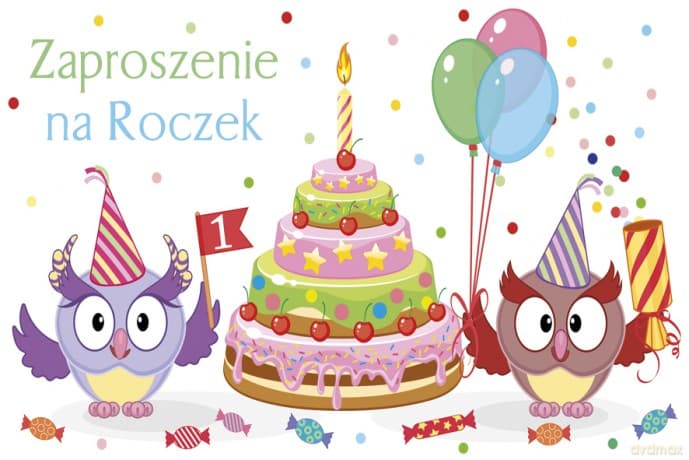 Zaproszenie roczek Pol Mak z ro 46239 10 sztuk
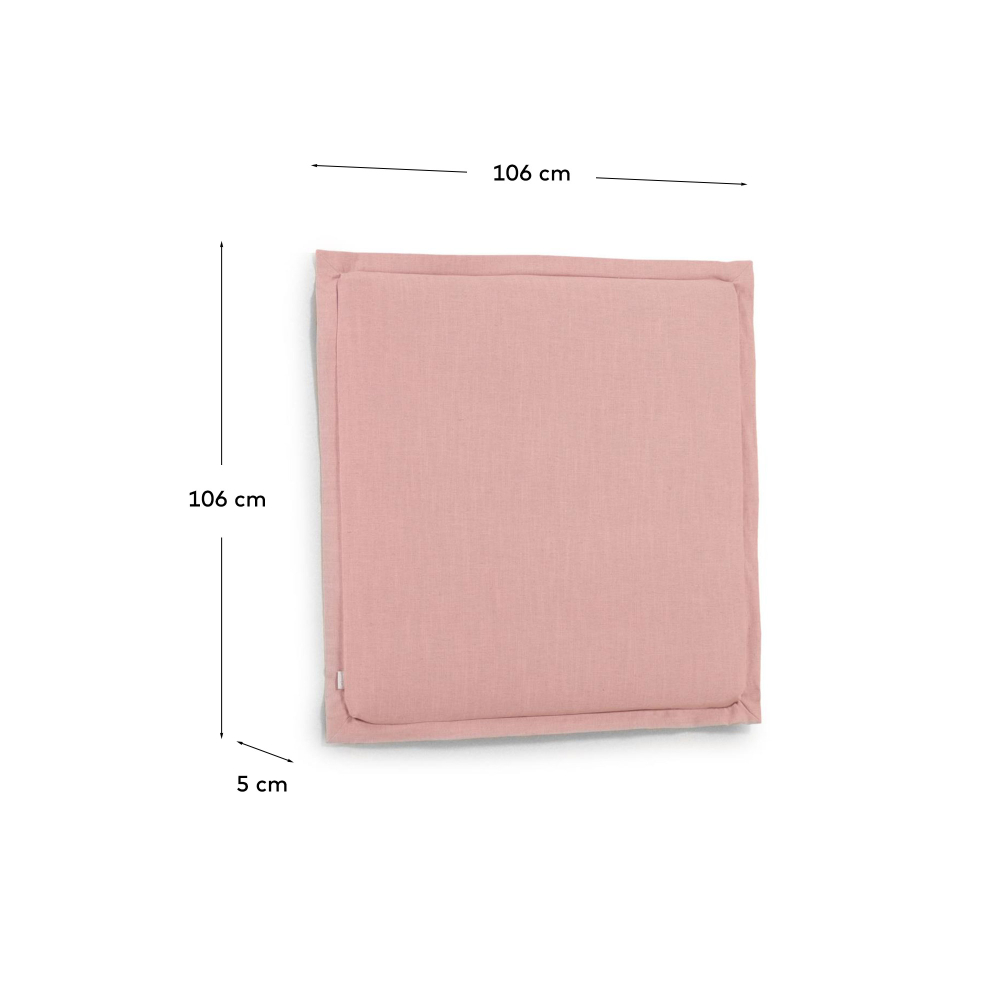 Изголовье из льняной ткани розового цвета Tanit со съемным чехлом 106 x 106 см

====

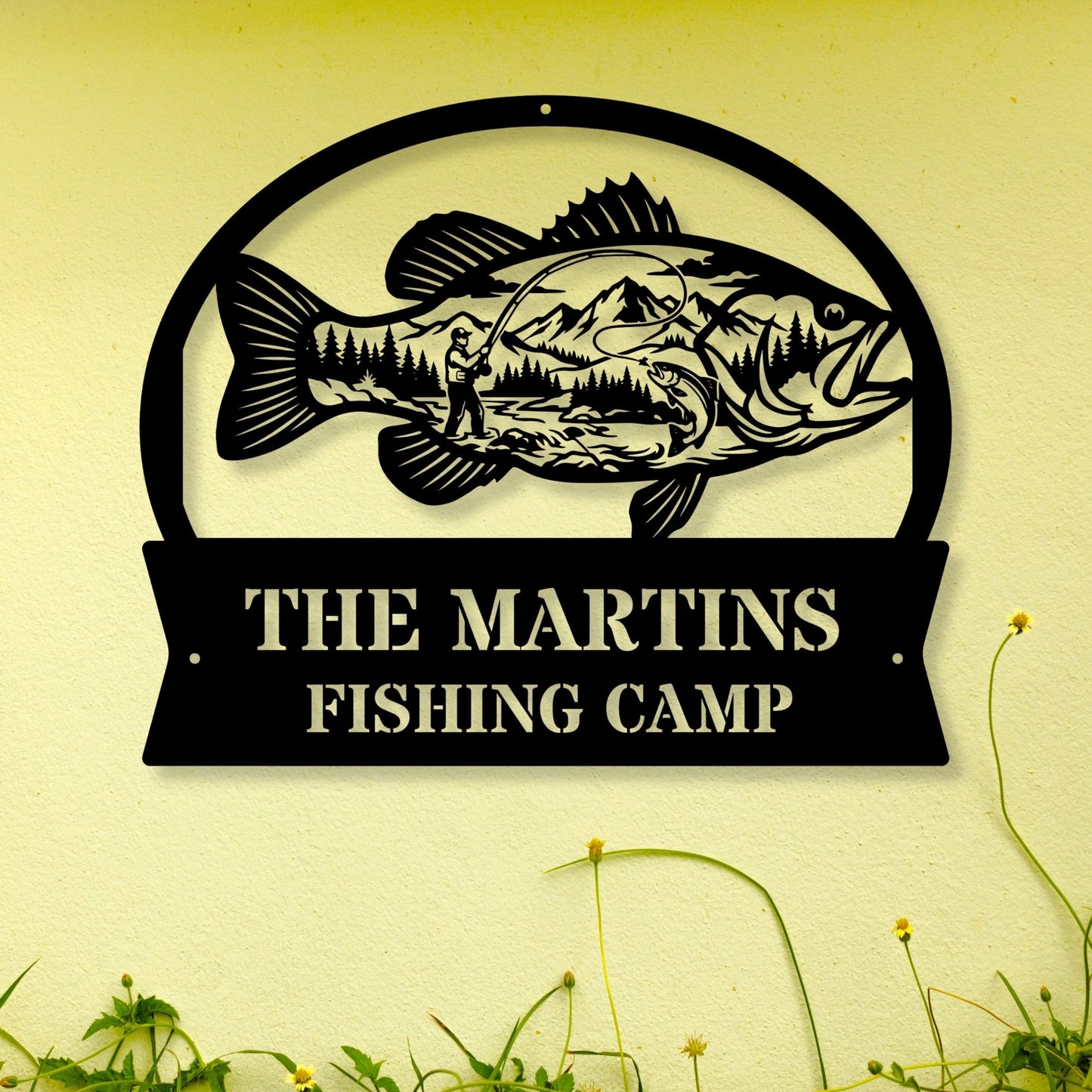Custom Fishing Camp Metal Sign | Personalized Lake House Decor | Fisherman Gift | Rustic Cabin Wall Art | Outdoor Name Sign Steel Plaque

====

→ **Work instruction**:
From the records above, transcribe only the stretch from the line with "Zaproszenie roczek Pol" through the line with "Изголовье из льняной", keeping both ends. Omit pictures.

→ **Output for this task**:
 Zaproszenie roczek Pol Mak z ro 46239 10 sztuk
 Изголовье из льняной ткани розового цвета Tanit со съемным чехлом 106 x 106 см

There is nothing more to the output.